_RECORDS FOR THE EXERCISE_:
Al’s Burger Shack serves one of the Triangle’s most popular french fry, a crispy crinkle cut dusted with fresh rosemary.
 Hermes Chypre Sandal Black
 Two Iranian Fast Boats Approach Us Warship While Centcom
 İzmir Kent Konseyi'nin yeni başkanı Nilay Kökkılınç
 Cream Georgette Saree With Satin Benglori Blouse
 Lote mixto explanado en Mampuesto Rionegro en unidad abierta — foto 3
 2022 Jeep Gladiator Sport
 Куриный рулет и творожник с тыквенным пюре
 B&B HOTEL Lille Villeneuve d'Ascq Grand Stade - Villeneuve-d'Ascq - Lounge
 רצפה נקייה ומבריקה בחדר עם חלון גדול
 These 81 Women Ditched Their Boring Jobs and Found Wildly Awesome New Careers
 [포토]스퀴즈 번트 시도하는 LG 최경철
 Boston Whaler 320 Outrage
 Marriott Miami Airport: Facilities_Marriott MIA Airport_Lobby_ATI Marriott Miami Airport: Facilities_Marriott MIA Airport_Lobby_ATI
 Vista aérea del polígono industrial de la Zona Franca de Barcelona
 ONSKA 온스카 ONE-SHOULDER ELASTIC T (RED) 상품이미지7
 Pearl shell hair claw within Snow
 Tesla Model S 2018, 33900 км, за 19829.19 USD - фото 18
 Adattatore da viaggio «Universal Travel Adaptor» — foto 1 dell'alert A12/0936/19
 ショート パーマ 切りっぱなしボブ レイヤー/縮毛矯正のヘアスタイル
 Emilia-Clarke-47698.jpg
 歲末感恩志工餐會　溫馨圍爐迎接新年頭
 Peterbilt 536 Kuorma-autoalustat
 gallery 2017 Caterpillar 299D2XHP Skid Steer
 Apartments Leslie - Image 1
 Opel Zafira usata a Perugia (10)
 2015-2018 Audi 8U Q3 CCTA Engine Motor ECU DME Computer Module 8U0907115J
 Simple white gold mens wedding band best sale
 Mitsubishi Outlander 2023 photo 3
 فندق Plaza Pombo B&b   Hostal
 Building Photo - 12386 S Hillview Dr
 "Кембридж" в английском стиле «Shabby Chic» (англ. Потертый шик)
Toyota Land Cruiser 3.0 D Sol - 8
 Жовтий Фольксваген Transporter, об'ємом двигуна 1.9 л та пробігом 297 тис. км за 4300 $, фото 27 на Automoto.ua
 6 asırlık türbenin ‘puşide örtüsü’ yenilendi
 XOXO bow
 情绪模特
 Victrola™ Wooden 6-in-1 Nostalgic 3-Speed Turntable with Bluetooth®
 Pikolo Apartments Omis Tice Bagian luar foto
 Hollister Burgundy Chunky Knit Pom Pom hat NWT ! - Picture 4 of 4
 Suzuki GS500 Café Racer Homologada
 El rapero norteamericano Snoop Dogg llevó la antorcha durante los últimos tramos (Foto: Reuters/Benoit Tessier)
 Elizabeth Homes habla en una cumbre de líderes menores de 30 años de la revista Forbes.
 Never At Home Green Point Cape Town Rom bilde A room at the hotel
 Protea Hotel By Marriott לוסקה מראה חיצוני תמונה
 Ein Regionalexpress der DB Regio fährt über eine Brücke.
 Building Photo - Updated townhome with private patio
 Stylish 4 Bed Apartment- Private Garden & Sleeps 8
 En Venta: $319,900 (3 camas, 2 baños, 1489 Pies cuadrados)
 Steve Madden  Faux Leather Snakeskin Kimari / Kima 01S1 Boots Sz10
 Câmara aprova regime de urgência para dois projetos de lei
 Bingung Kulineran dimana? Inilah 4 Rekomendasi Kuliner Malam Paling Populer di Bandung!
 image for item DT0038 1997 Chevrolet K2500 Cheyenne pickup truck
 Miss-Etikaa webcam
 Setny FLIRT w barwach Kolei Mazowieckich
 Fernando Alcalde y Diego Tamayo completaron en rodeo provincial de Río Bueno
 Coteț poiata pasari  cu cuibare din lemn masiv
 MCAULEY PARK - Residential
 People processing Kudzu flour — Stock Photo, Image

_INSTRUCTIONS TO FOLLOW_: Transcribe the records above exactly, beginning at the line that contains "Toyota Land Cruiser 3.0 D Sol - 8" and ending with the line that contains "Coteț poiata pasari", both included, and nothing else.

_ANSWER TO THIS PROBLEM_:
Toyota Land Cruiser 3.0 D Sol - 8
 Жовтий Фольксваген Transporter, об'ємом двигуна 1.9 л та пробігом 297 тис. км за 4300 $, фото 27 на Automoto.ua
 6 asırlık türbenin ‘puşide örtüsü’ yenilendi
 XOXO bow
 情绪模特
 Victrola™ Wooden 6-in-1 Nostalgic 3-Speed Turntable with Bluetooth®
 Pikolo Apartments Omis Tice Bagian luar foto
 Hollister Burgundy Chunky Knit Pom Pom hat NWT ! - Picture 4 of 4
 Suzuki GS500 Café Racer Homologada
 El rapero norteamericano Snoop Dogg llevó la antorcha durante los últimos tramos (Foto: Reuters/Benoit Tessier)
 Elizabeth Homes habla en una cumbre de líderes menores de 30 años de la revista Forbes.
 Never At Home Green Point Cape Town Rom bilde A room at the hotel
 Protea Hotel By Marriott לוסקה מראה חיצוני תמונה
 Ein Regionalexpress der DB Regio fährt über eine Brücke.
 Building Photo - Updated townhome with private patio
 Stylish 4 Bed Apartment- Private Garden & Sleeps 8
 En Venta: $319,900 (3 camas, 2 baños, 1489 Pies cuadrados)
 Steve Madden  Faux Leather Snakeskin Kimari / Kima 01S1 Boots Sz10
 Câmara aprova regime de urgência para dois projetos de lei
 Bingung Kulineran dimana? Inilah 4 Rekomendasi Kuliner Malam Paling Populer di Bandung!
 image for item DT0038 1997 Chevrolet K2500 Cheyenne pickup truck
 Miss-Etikaa webcam
 Setny FLIRT w barwach Kolei Mazowieckich
 Fernando Alcalde y Diego Tamayo completaron en rodeo provincial de Río Bueno
 Coteț poiata pasari  cu cuibare din lemn masiv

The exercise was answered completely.